Why is resource allocation so difficult?
Resource allocation is the process by which leaders of an institution quantitatively define available capital resources and make decisions regarding the deployment of those resources for re-investment purposes, investment in future growth, or as reserves on the balance sheet.
Sounds simple, right? Not really, as many of you may experience.
Often the key challenge stems from the fact that while true resource allocation is a strategic process, sufficient capital resources are not available to fund all desired strategies. As a result, a less structured and disciplined process easily becomes a political exercise instead of a data-based decision-making process. Leaders always must make choices. Their decision-making process and the choices that emerge are critical to the long-term sustainability of all colleges and universities. Resource allocation must ensure the continued financial strength and mission effectiveness of the institution.
How is this best assured? By allocating resources within a planning cycle.
The recommended resource-allocation process, with a proven multi-decade record of accomplishment in non-profit organizations and for-profit companies, supports a university or college’s strategic goals by doing the following:
- Linking financial planning and capital resource planning to the objectives and priorities of the organization’s strategic plan
- Providing a “portfolio” context for allocation decisions that incorporates the priority strategic, mission, and operational goals of the institution
- Defining a disciplined and consistent framework for evaluation of all proposed uses of defined capital resources
- Ensuring a process structure that is rigorous and transparent, supporting comparisons among initiatives throughout the institution and accountability for investment results
This type of resource-allocation process will allow universities and colleges to find an acceptable balance between the need for continuing strategic investment and the ability to generate resource capacity.
Find an acceptable balance between the need for continuing strategic investment and the ability to generate resource capacity
By definition, such an approach brings together into one cycle, strategic planning, financial and capital planning, and annual budgeting, as shown below.

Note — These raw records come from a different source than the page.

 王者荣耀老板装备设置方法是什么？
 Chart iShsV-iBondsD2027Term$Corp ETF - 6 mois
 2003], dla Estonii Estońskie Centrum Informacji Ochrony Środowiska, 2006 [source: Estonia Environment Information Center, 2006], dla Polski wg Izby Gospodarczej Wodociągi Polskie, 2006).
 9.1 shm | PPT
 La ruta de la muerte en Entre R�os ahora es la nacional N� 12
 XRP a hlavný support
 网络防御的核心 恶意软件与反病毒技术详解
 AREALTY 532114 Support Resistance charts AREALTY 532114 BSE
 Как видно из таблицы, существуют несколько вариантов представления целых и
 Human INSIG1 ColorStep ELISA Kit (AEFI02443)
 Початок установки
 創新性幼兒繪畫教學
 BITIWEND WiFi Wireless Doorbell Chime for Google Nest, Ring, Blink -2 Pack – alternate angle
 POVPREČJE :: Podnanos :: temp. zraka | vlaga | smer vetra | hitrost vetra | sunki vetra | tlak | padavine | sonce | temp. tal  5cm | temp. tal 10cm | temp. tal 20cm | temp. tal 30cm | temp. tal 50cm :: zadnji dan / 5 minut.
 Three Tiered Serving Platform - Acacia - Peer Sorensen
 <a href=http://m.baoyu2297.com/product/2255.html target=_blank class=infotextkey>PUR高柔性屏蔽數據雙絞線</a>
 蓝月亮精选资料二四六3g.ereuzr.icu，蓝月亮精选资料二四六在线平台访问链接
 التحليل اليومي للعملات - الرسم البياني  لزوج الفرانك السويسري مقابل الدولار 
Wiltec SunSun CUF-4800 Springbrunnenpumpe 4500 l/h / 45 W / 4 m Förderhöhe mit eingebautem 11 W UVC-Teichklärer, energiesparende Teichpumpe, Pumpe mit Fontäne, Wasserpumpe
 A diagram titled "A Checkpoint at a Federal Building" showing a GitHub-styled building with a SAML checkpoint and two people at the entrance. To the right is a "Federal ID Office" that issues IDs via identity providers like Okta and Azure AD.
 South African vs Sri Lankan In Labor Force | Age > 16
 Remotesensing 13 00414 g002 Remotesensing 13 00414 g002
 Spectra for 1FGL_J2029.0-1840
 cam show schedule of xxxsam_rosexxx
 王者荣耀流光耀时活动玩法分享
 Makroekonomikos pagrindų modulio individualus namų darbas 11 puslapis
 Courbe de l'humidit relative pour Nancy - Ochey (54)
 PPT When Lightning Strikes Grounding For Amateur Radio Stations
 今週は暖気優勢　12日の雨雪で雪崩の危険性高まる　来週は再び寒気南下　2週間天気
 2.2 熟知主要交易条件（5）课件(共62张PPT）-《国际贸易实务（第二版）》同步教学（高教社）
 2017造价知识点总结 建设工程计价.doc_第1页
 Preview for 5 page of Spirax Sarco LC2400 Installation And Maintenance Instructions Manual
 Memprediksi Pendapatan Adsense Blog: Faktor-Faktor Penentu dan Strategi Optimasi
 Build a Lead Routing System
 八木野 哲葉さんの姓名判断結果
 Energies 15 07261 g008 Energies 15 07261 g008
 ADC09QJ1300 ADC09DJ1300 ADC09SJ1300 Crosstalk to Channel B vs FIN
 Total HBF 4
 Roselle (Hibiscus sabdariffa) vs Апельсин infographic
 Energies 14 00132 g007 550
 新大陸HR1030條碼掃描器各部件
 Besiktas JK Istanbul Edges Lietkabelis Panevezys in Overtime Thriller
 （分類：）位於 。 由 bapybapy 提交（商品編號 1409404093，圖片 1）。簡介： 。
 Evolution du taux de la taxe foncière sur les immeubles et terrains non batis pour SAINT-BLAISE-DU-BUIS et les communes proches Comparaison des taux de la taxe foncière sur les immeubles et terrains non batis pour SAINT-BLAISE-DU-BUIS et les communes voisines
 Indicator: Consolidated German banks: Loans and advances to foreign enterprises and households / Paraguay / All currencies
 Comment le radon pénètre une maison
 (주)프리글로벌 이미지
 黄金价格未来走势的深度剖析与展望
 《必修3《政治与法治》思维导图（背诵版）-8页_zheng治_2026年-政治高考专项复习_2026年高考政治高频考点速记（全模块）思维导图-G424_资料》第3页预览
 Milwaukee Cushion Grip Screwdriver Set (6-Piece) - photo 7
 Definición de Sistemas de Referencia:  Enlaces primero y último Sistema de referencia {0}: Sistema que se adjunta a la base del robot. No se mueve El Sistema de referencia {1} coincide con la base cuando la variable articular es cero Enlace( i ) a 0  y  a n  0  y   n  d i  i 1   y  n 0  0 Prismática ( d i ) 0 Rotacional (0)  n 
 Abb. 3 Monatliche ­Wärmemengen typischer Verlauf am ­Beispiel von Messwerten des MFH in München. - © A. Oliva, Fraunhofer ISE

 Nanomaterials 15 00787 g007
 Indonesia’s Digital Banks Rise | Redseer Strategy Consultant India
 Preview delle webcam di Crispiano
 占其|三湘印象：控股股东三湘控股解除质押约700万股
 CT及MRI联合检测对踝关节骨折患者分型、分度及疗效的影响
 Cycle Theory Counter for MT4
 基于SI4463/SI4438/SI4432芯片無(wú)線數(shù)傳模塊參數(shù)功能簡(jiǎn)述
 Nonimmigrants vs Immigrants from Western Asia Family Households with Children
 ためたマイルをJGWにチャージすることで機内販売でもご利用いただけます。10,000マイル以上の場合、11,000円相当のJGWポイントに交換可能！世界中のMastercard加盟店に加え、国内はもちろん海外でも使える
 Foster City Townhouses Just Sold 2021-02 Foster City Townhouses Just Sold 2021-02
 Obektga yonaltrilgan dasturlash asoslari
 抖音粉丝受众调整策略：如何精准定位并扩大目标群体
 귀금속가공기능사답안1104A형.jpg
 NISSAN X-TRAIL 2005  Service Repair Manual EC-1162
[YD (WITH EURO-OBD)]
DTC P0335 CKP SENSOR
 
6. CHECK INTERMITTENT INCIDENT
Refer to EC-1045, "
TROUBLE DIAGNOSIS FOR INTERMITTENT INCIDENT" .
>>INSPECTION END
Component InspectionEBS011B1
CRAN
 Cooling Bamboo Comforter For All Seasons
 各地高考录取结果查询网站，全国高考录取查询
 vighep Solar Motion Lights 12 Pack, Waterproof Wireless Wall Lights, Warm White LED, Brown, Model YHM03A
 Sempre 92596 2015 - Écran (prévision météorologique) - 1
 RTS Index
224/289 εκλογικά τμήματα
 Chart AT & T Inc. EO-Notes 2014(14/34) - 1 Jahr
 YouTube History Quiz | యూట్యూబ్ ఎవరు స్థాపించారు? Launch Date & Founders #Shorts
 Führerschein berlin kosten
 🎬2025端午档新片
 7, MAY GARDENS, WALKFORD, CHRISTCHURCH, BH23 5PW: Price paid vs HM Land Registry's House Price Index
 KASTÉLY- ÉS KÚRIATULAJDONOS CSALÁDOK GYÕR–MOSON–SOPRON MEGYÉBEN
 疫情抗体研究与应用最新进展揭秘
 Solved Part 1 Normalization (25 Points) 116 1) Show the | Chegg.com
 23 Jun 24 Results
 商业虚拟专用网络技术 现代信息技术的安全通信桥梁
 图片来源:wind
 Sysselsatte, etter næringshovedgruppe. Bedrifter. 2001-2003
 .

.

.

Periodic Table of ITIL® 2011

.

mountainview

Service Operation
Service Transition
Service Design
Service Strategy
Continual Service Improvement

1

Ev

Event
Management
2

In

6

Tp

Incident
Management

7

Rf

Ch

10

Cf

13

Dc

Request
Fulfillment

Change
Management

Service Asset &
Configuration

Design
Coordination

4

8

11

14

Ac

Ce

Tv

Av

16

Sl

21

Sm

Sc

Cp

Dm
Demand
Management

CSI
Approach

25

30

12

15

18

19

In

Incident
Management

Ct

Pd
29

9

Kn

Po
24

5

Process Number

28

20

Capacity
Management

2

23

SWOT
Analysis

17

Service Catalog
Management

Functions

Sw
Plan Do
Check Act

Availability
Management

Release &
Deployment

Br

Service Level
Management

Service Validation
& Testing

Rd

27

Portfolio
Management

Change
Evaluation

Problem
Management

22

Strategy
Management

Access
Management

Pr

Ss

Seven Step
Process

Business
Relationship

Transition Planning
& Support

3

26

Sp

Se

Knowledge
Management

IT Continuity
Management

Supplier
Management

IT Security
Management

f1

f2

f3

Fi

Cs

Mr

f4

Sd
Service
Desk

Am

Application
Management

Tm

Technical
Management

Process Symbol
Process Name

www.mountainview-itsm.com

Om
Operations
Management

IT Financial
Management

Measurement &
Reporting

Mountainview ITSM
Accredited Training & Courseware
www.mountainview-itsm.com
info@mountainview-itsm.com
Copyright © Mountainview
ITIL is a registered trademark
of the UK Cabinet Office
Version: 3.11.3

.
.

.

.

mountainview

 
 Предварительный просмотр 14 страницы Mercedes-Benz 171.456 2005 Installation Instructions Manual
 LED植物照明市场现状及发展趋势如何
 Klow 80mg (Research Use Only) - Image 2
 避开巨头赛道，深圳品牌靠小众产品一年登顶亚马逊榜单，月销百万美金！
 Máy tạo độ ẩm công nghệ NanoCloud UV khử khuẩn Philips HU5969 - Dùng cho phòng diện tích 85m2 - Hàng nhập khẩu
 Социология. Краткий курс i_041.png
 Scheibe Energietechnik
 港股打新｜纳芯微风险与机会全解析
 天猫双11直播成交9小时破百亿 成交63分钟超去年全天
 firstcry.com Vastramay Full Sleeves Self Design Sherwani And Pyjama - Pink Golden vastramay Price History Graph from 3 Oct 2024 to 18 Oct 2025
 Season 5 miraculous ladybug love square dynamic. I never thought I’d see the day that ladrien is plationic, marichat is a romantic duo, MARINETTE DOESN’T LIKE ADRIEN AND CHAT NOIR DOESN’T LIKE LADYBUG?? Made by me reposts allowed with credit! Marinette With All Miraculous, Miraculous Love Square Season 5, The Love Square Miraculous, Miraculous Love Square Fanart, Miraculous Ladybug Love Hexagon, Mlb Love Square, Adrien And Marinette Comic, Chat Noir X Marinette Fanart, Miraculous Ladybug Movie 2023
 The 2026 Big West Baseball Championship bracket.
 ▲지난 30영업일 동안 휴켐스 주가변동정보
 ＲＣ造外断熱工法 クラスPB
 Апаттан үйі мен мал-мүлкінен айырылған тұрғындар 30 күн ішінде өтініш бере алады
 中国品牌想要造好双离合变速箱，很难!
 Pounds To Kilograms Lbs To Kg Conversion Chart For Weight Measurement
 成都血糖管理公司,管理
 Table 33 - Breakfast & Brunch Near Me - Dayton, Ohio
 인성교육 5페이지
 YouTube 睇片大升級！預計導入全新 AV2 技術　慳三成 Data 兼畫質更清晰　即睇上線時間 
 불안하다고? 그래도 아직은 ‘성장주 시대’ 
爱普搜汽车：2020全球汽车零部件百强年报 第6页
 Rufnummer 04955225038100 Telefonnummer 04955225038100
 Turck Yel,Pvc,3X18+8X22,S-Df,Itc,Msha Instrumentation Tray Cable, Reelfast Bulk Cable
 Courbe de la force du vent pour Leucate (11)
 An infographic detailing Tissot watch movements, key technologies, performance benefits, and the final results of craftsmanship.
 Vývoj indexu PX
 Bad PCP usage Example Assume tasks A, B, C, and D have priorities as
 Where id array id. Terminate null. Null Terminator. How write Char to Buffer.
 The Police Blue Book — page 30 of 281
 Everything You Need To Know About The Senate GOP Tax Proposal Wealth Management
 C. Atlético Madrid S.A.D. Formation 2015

Best-practice resource allocation is grounded through the institution’s strategic planning process. Leaders should use this process to identify the market- and mission-based strategies that they want to pursue to achieve institutional objectives, and that will require funding during the next five to ten years.
In the next stage, the financial planning process, leaders should quantify the broad investment requirements and potential effects of the defined strategies, evaluating whether the strategies can be implemented (i.e., funded) within an acceptable credit context. At the same time, leaders should look at how to optimize the use of external debt and philanthropy (capital structure) to fund the identified strategies in a manner that ensures maximum flexibility and the lowest possible cost of capital.
Prioritization of specific resource-investment opportunities is an iterative step that should occur through an institution’s capital resource-allocation process. Once leaders make those allocations, the annual budgeting process, which creates a current-year implementation and operating plan, integrates the targets of the strategic and financial plans with the specific investment decisions of the resource-allocation process.
Best-practice resource allocation is grounded through the institution’s strategic planning process
To succeed in a competitive environment, leaders must competently manage the cycle through feedback and control mechanisms at every stage. To do so involves understanding the technical and mathematical relationship among cycle components. Success or failure with one component affects success or failure in other parts of the cycle.
How Budgeting Differs from Resource Allocation
An improved understanding of the differentiation is required in higher education. As shown in the figure, capital or operational budgeting is a small piece of the comprehensive resource-allocation process. It is the administrative process used by institutions to spend allocated dollars, involving detailed listing of spending during the next fiscal year. Typically, budgeting relates only to “routine” items, recurring expenses, and new spending that fall under the purview of a school dean or department manager, who, by virtue of function, do not have the full view of institutional spending priorities and allocations.
While many institutions are beginning to adopt initiative-based planning as part of the budgeting process, such planning typically occurs in a decentralized fashion and is not a systematic process for deciding which initiatives to approve institution-wide. That strategic evaluation occurs during capital resource allocation to ensure the strategic and financial health of the institution.
Using the Cycle
Use of the resource planning and management cycle helps to foster a culture that respects the relationships among strategic objectives, resource capacity—i.e., the resources required to fund strategic and routine capital needs—and financial risk. Dollars allocated to specific initiatives reflect the organization’s long-term financial vision, and create an overall portfolio that will generate an optimal return. Leaders of high-performing organizations recognize that operating margins are the key ingredient for cash reserves that they can potentially deploy for future strategic investments, and for credit quality that allows access to the debt markets. Such margins result from persistent, focused management of all aspects of the organization’s decision-making processes.